**YOUR INSTRUCTIONS**
Below is a block of records: output all of them exactly and leave out the pictures.

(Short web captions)
• • • • •

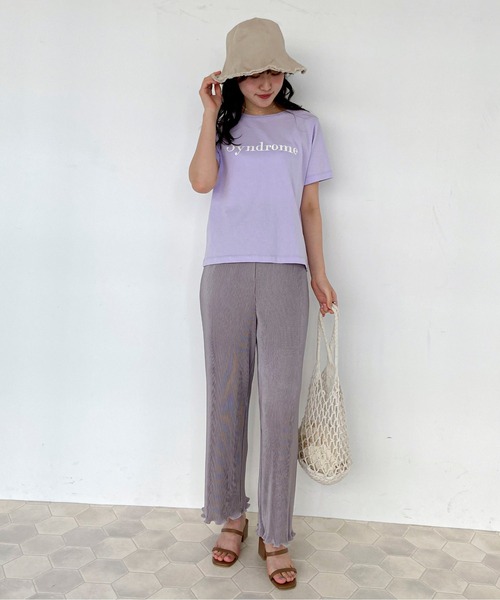 EPIMI E'PIMMY（エピミエピミー）の「アソートカラフルTシャツ（Tシャツ/カットソー・レディース・ブラック/オフホワイト/ブルー/クリーム/ラベンダー/ピンクベージュ・MEDIUM）」の19枚目の写真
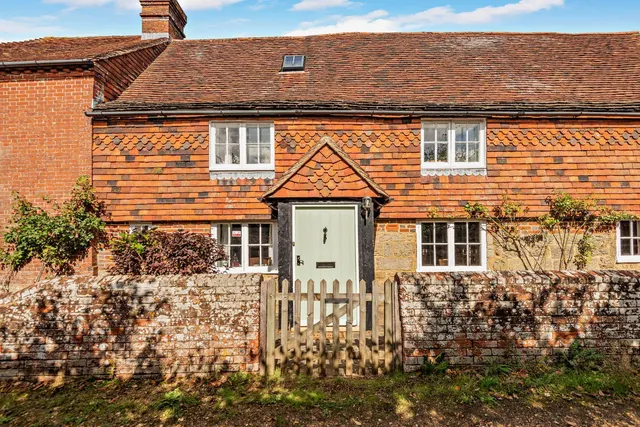 East Street, Billingshurst, RH14, photo 2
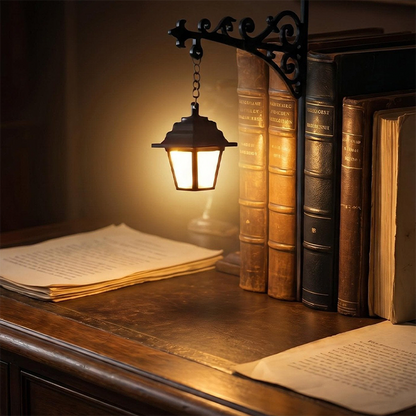 📚 Miniaturowa, retro lampka – podpórka do książek w kształcie latarni ulicznej – dekoracyjna i z ciepłym światłem ✨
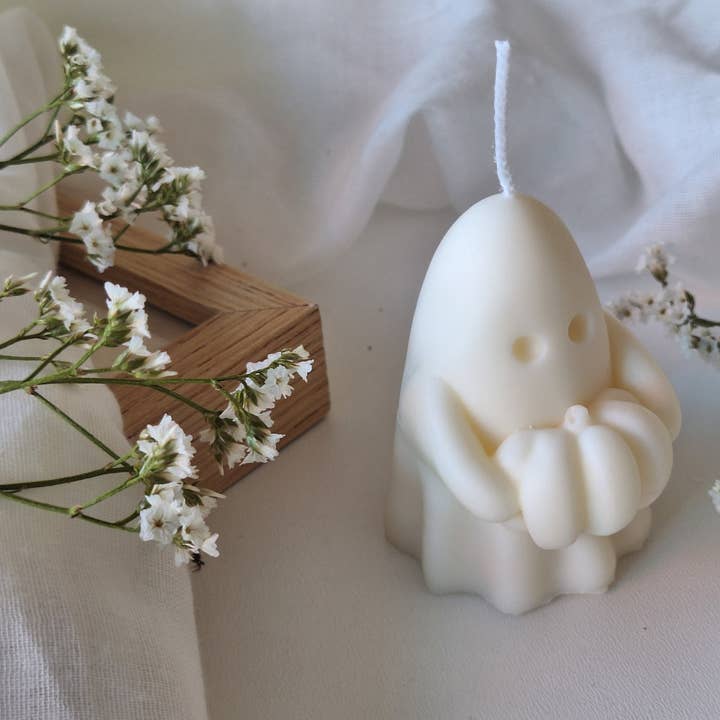 Ghost Autumn decorative candle made of soy wax with pumpkin for wholesale by Your Nice Things - Candles -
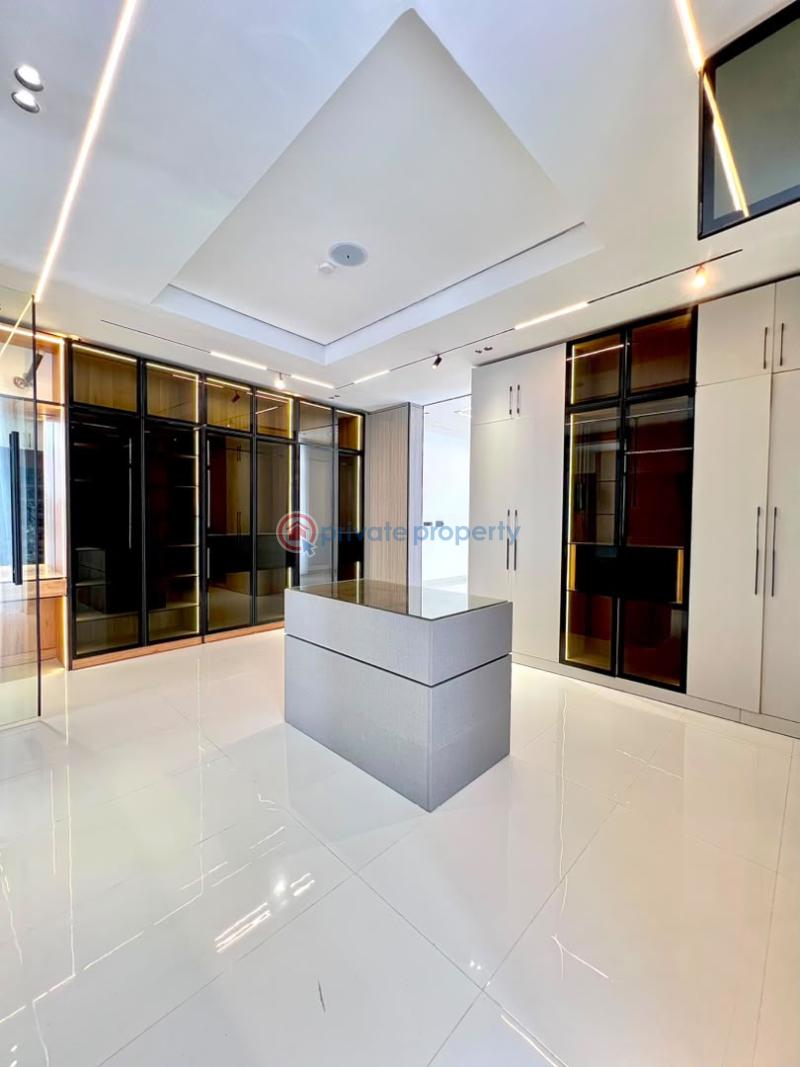 6 bedroom Duplex For Sale Pinnock Beach Estate Osapa Lekki Lagos - 6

• • • • •

**SOLUTION FOR THIS PROBLEM**
 EPIMI E'PIMMY（エピミエピミー）の「アソートカラフルTシャツ（Tシャツ/カットソー・レディース・ブラック/オフホワイト/ブルー/クリーム/ラベンダー/ピンクベージュ・MEDIUM）」の19枚目の写真
 East Street, Billingshurst, RH14, photo 2
 📚 Miniaturowa, retro lampka – podpórka do książek w kształcie latarni ulicznej – dekoracyjna i z ciepłym światłem ✨
 Ghost Autumn decorative candle made of soy wax with pumpkin for wholesale by Your Nice Things - Candles -
 6 bedroom Duplex For Sale Pinnock Beach Estate Osapa Lekki Lagos - 6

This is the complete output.